## [What you are asked to do]
Would you return the data below exactly as it stands, with every picture left out?

※ ※ ※

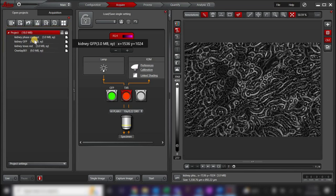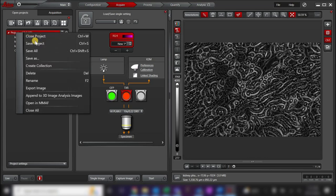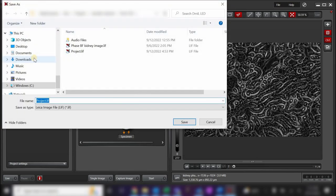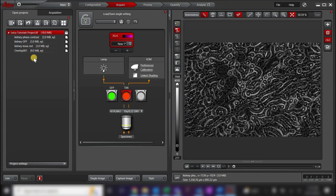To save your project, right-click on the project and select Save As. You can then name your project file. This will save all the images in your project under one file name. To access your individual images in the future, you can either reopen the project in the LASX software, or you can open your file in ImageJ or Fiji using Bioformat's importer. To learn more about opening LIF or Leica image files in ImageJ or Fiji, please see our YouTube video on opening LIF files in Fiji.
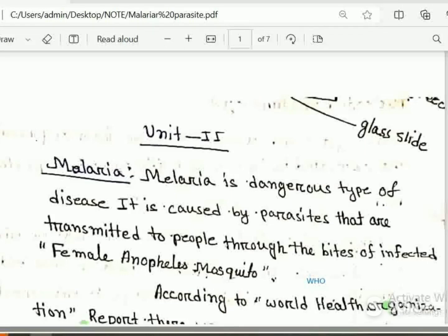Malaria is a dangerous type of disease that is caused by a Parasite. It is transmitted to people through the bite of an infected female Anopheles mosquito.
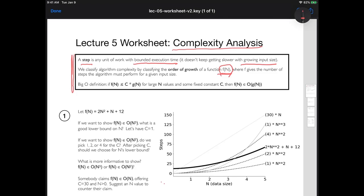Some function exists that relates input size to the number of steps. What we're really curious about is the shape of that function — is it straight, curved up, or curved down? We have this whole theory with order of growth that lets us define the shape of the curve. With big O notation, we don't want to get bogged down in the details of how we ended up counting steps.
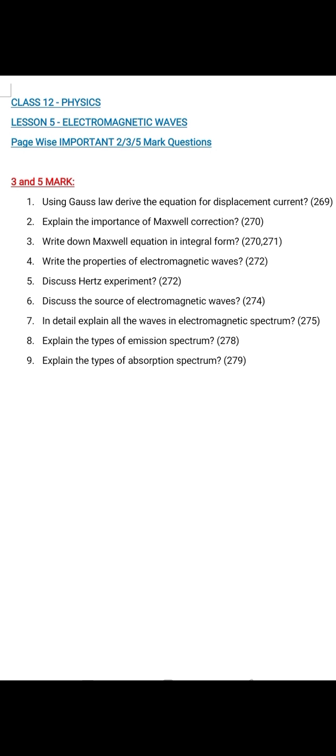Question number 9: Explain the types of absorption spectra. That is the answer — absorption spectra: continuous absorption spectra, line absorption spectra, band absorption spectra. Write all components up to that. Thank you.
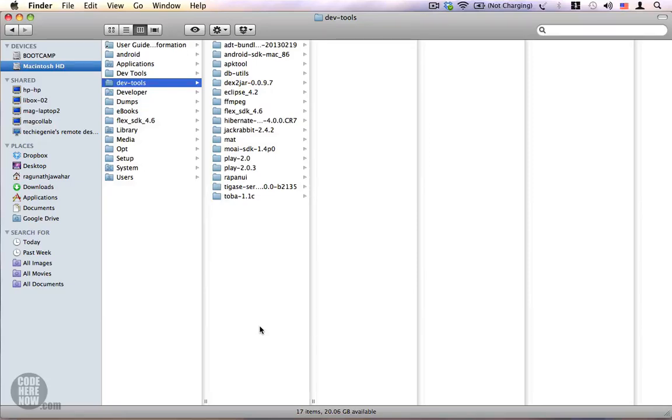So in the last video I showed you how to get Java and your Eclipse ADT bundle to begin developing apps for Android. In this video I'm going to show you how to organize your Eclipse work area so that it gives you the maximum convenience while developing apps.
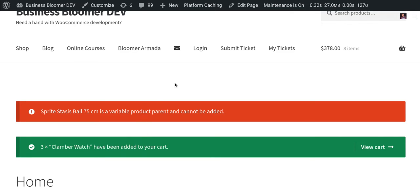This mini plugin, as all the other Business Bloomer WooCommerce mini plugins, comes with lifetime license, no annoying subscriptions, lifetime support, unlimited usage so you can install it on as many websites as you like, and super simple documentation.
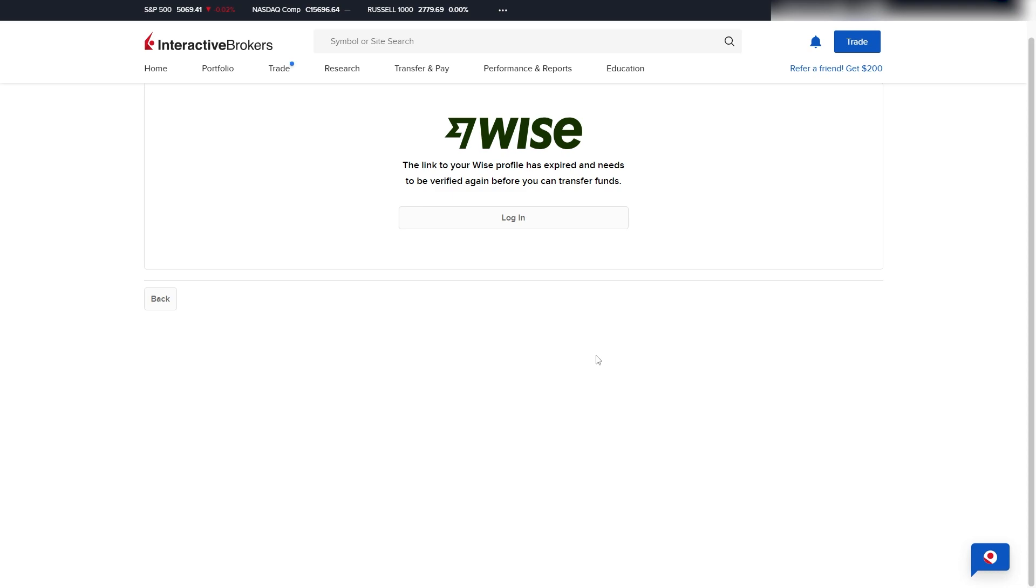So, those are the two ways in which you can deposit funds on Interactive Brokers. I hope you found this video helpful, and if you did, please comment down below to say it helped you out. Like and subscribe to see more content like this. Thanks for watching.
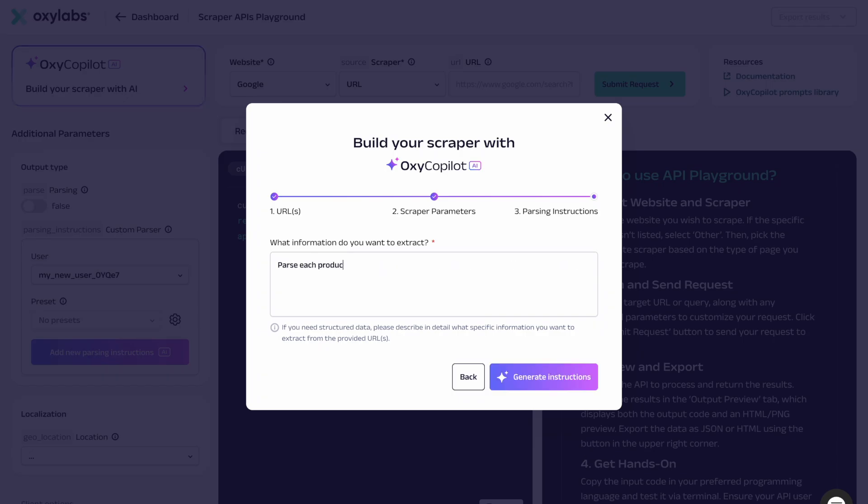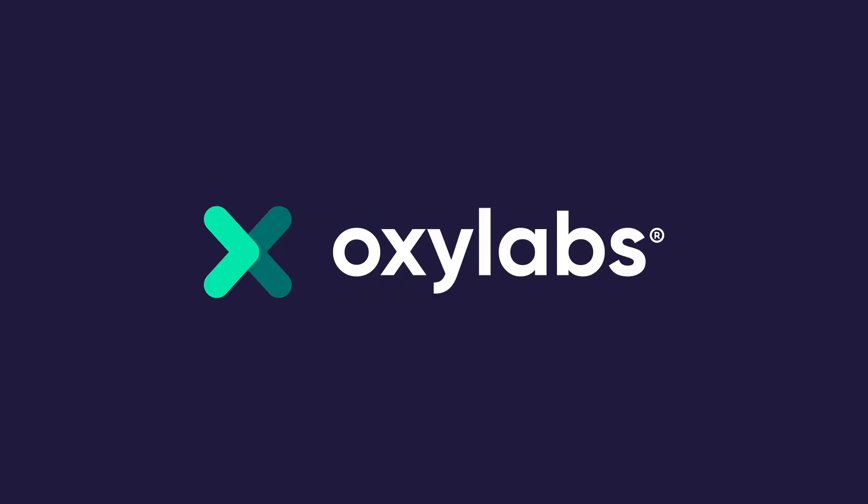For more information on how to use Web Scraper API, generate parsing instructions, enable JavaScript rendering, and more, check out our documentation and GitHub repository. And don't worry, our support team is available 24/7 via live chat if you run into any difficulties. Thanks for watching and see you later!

※ ※ ※

## [Task solution]
To save your project, right-click on the project and select Save As. You can then name your project file. This will save all the images in your project under one file name. To access your individual images in the future, you can either reopen the project in the LASX software, or you can open your file in ImageJ or Fiji using Bioformat's importer. To learn more about opening LIF or Leica image files in ImageJ or Fiji, please see our YouTube video on opening LIF files in Fiji.
Malaria is a dangerous type of disease that is caused by a Parasite. It is transmitted to people through the bite of an infected female Anopheles mosquito.
Some function exists that relates input size to the number of steps. What we're really curious about is the shape of that function — is it straight, curved up, or curved down? We have this whole theory with order of growth that lets us define the shape of the curve. With big O notation, we don't want to get bogged down in the details of how we ended up counting steps.
Question number 9: Explain the types of absorption spectra. That is the answer — absorption spectra: continuous absorption spectra, line absorption spectra, band absorption spectra. Write all components up to that. Thank you.
So in the last video I showed you how to get Java and your Eclipse ADT bundle to begin developing apps for Android. In this video I'm going to show you how to organize your Eclipse work area so that it gives you the maximum convenience while developing apps.
This mini plugin, as all the other Business Bloomer WooCommerce mini plugins, comes with lifetime license, no annoying subscriptions, lifetime support, unlimited usage so you can install it on as many websites as you like, and super simple documentation.
So, those are the two ways in which you can deposit funds on Interactive Brokers. I hope you found this video helpful, and if you did, please comment down below to say it helped you out. Like and subscribe to see more content like this. Thanks for watching.
For more information on how to use Web Scraper API, generate parsing instructions, enable JavaScript rendering, and more, check out our documentation and GitHub repository. And don't worry, our support team is available 24/7 via live chat if you run into any difficulties. Thanks for watching and see you later!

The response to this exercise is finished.